L’ami de Toland était aussi l’ami de Newton, et c’est à Locke que Newton confia le soin de faire imprimer à l’étranger la dissertation où il attaque l’authenticité de deux passages de l’Écriture cités souvent comme les plus formels à l’appui du dogme orthodoxe de la Trinité[1]. Il est désormais impossible de soutenir l’orthodoxie trinitairienne de Newton. Sir David Brewster, qui l’avait essayé dans un premier ouvrage, se borne à établir dans ses Mémoires sur la vie de Newton qu’il n’était pas socinien. Je crois la distinction exacte. Newton voit dans le Christ le fils de Dieu, il croit à sa résurrection; mais, s’il ne se confesse arien dans aucun de ses ouvrages, on a de lui un manuscrit où il attaque vivement le caractère et la sincérité d’Athanase et prend la défense des empereurs et des évêques protecteurs de l’arianisme. Généralement il se tait sur le dogme de la Trinité, ou ne s’en occupe que pour lui enlever deux textes sacrés. Il veut d’abord publier ce travail, mais sur le continent et en gardant l’anonyme; puis il s’inquiète, et donne contre-ordre à Locke, qu’il avait d’abord chargé de la publication. Pourtant il ne détruit point son œuvre, et l’on ne saurait citer un seul passage où il ait cherché à raffermir par d’autres preuves substituées à celles qu’il avait attaquées le point d’orthodoxie ainsi ébranlé.
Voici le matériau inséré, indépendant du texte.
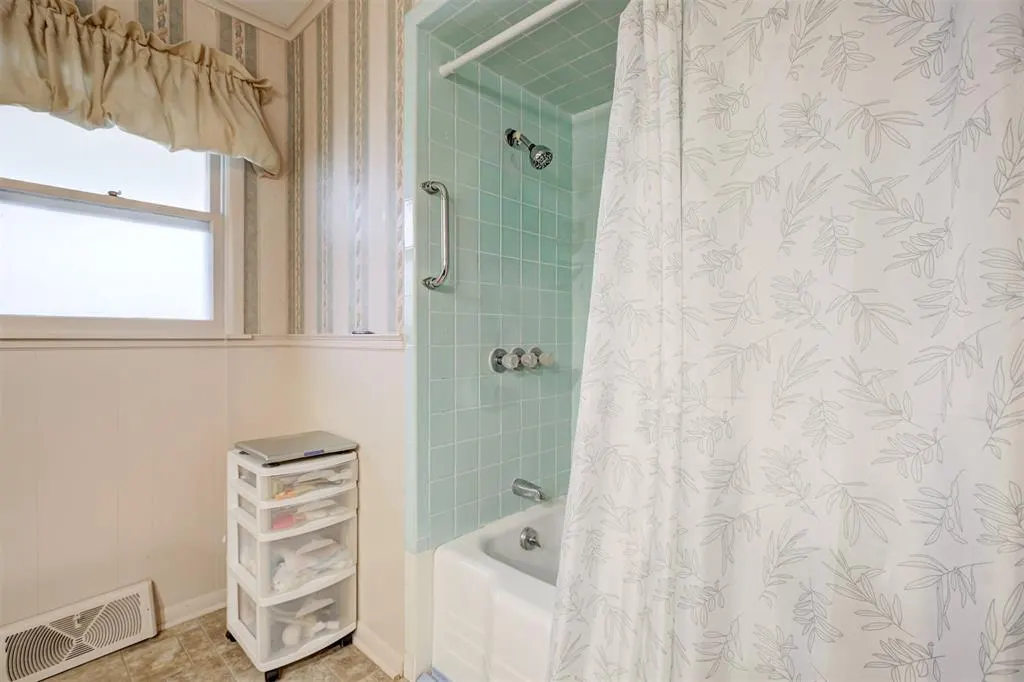 Photo 18 — 1418 W Thompson Avenue, Enid, OK 73703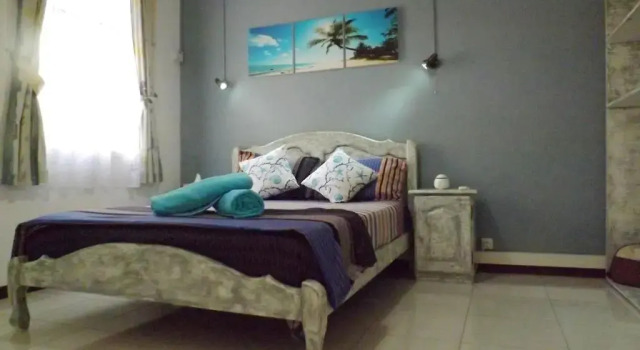 2 bedrooms appartement with sea view balcony and wifi at Flic en Flac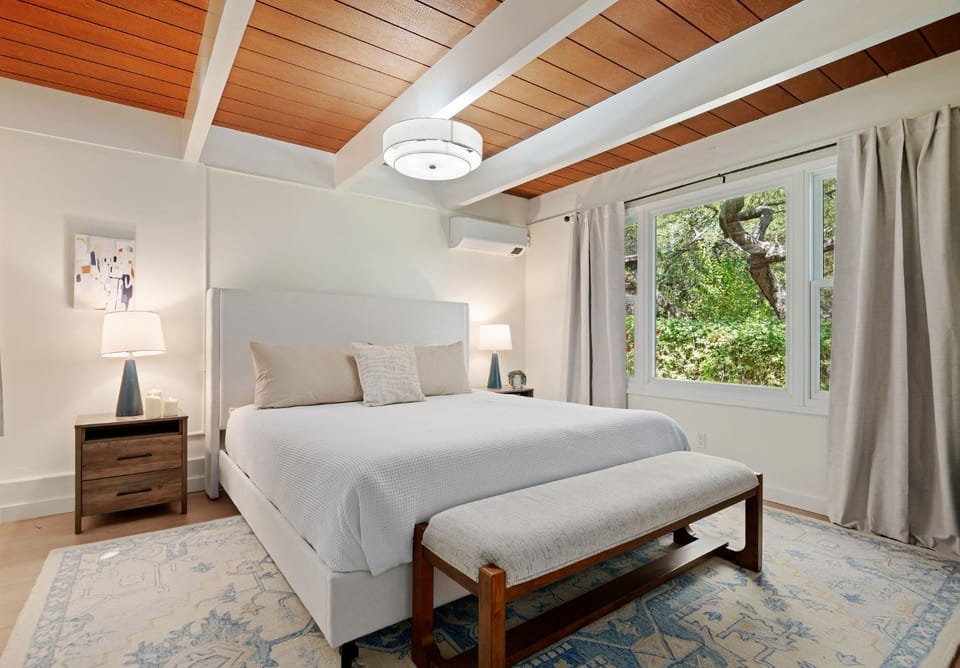 Oak Tree Hideaway House in Montecito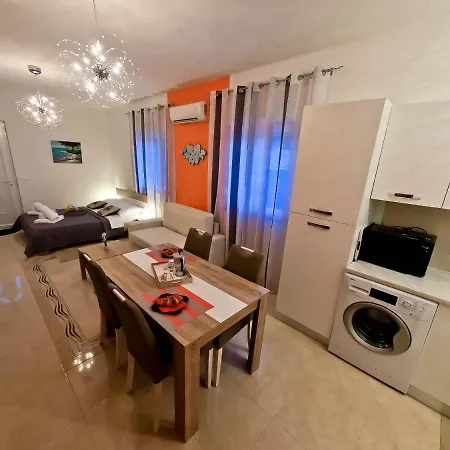 House Monte Cherpo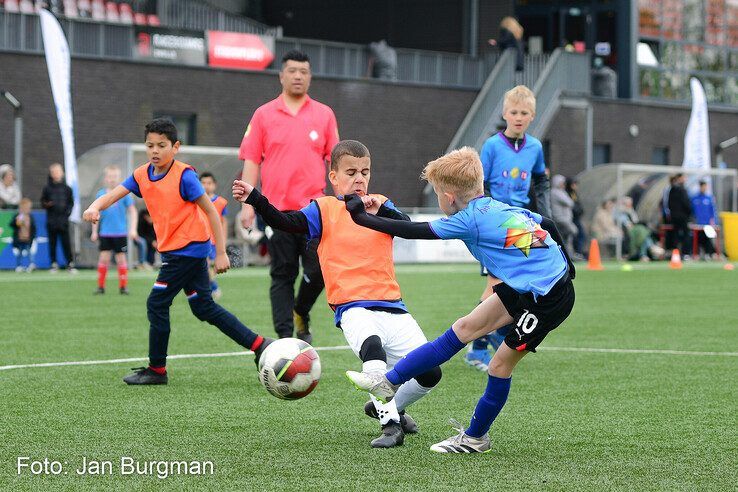 In beeld: Finaledag schoolvoetbal Zwolle - Foto: Jan Burgman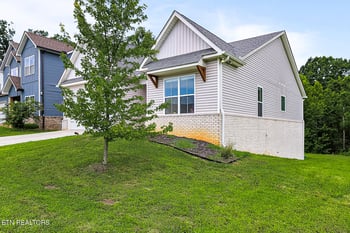 1117 Cedar Break Dr, Knoxville, TN 37932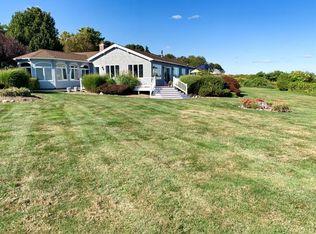 2 Nightingale Ave, Warwick, RI 02889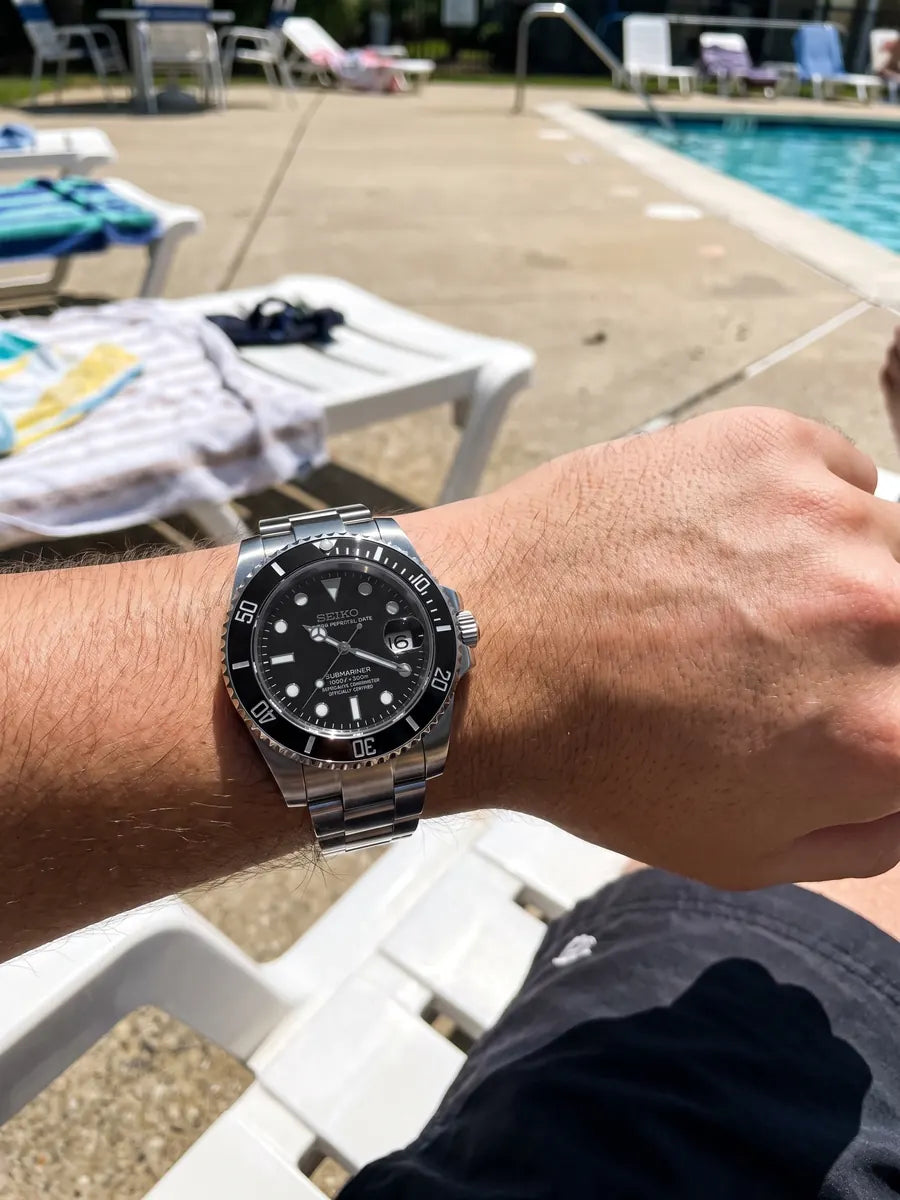 Seiko Mod Submariner 24H – Purple Joker on the wrist
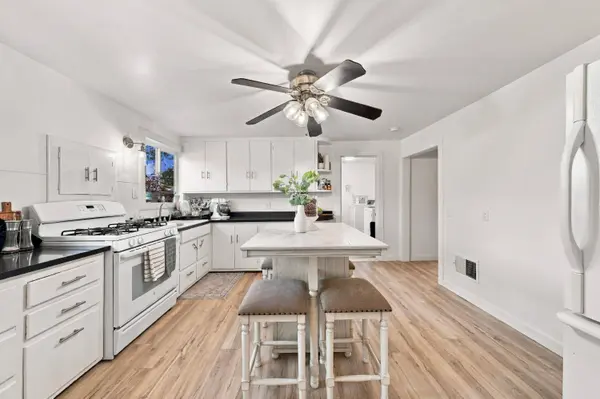 1373 Diamond ST, Anderson, CA 96007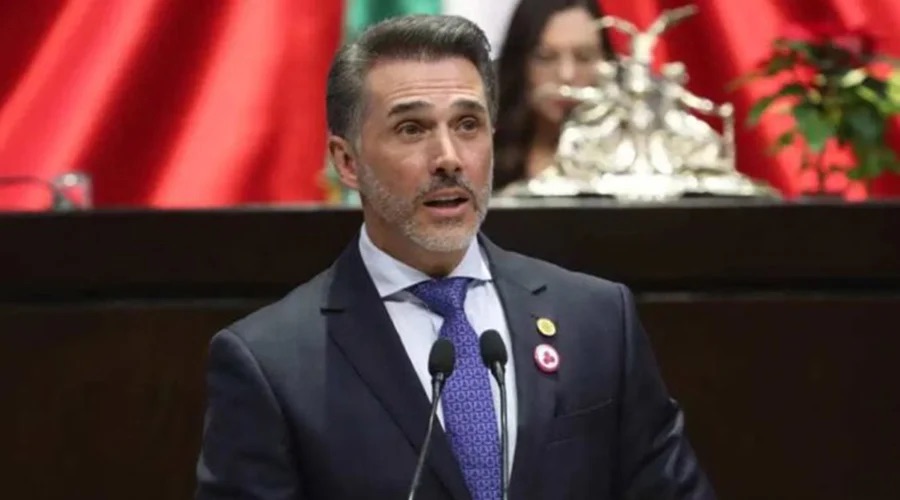 Sergio Mayer pide licencia al Congreso por irse a ‘La Casa de Los Famosos’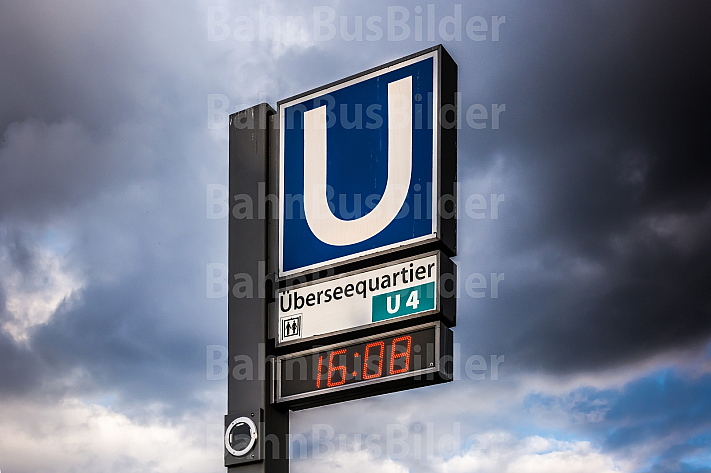 Ein Haltestellenschild mit U-Bahn-Piktogramm an der Haltestelle Überseequartier in Hamburg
On montre bien que la prudence extrême qui caractérisait ce grand homme l’a plus d’une fois fait revenir sur ses pas pour détourner de compromettans soupçons. Ainsi il a choisi pour son suppléant à l’université de Cambridge Williams Whiston, qui a imprimé sans détour que l’arianisme était le christianisme primitif; puis, il n’a pas voulu qu’on élût le même Whiston membre de la Société royale des sciences. Cependant Whiston n’a pas admis dans ses mémoires que son hétérodoxie fût pour rien dans cette opposition, et, ainsi que d’autres contemporains, il affirme que Newton ne croyait pas que le fils de Dieu eût préexisté au monde, ce qui est une des formes de la doctrine

  1. I. Jean, V, 7. — I. Tim., III, 16.